Most groups of dinosaurs, including the towering titanosaurs, roamed its rolling, mountainless, low-lying landscape.
Scientific papers and reports hinted at the presence of an eighth continent, spanning back to 1910, when improved bathymetric maps showed our country wasn't just a few chunks of land jutting from an otherwise deep bath of abyssal ocean crust.
By the mid-2000s, GNS Science geologists including Dr Hamish Campbell and Dr Nick Mortimer began publishing research describing Zealandia's physical boundaries and composition.
Yet it wasn't until 2017 that a paper, led by Mortimer, somehow made Zealandia a real place and instantly captured the world's attention, generating more than 16,000 news articles that reached nearly a billion people.
Now, Mortimer has been awarded a $100,000 James Cook Research Fellowship from Royal Society Te Apārangi to produce updated reviews of Zealandia's geological make-up and ancestry.
These will include a research publication for geoscientists, as well as a book explaining the continent's origins and discovery, alongside Māori perspectives.
"It has taken hundreds of years for the science behind the discovery of this continent to mature, and there is still much to explain and communicate about the continent's exploration, framework, and beginnings," Mortimer said.
Particularly, he said the funding would enable to write a much-needed update of his most cited research paper, published back in 2004.
"That paper is really showing its age: the illustrations are black and white and, 18 years ago, we were still very tentative about the viability of the Zealandia continent.
"Now, we are a lot more confident. Having Earth's eighth continent on the map explains so much about hazards, resources and biota."

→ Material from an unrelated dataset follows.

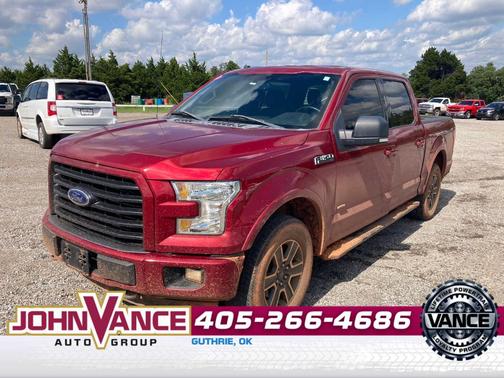 2016 Ford F-150 XLT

During his fellowship, Mortimer will seek collaborators to bridge the physical sciences and mātauranga Māori, a body of knowledge that arrived here from Polynesia and developed in Aotearoa.
"Māori history and traditions provide interesting parallels, timescales, and context for the scientific view of the continent, and vice-versa," he said.
"If I can find appropriately motivated colleagues, I'm looking forward to writing a jointly-authored book on scientific and Māori accounts of the exploration, discovery and origins of Aotearoa and Zealandia.
"Last but not least, it's another opportunity to explain and promote 'Te Riu-a-Māui', the Māori name for our continent."
Results from his new project will be presented at public talks around the country.
Discovering our lost continent
1910s: New Zealand Plateau recognised as bathymetric maps became more accurate. The shallow water aspect was very important and first indicated that NZ was not surrounded by deep, abyssal oceanic crust. 1920s-1980s: The term "continental crust" is often used in scientific papers when describing geology in the region. 1995: A paper published by US marine geophysicist Bruce Luyendyk makes the first reference of Zealandia as a submerged continent, but only in passing. 2004-2008: First GNS Science papers describing Zealandia's boundaries and geology; Zealandia increasingly gets used in scientific literature as convenient term for the continent. 2014: Nick Mortimer and Hamish Campbell's book Zealandia: Our Continent Revealed is published. 2017: A paper led by Mortimer and published in a US journal is published and attracts massive publicity, finally acknowledging the existence of an eighth continent.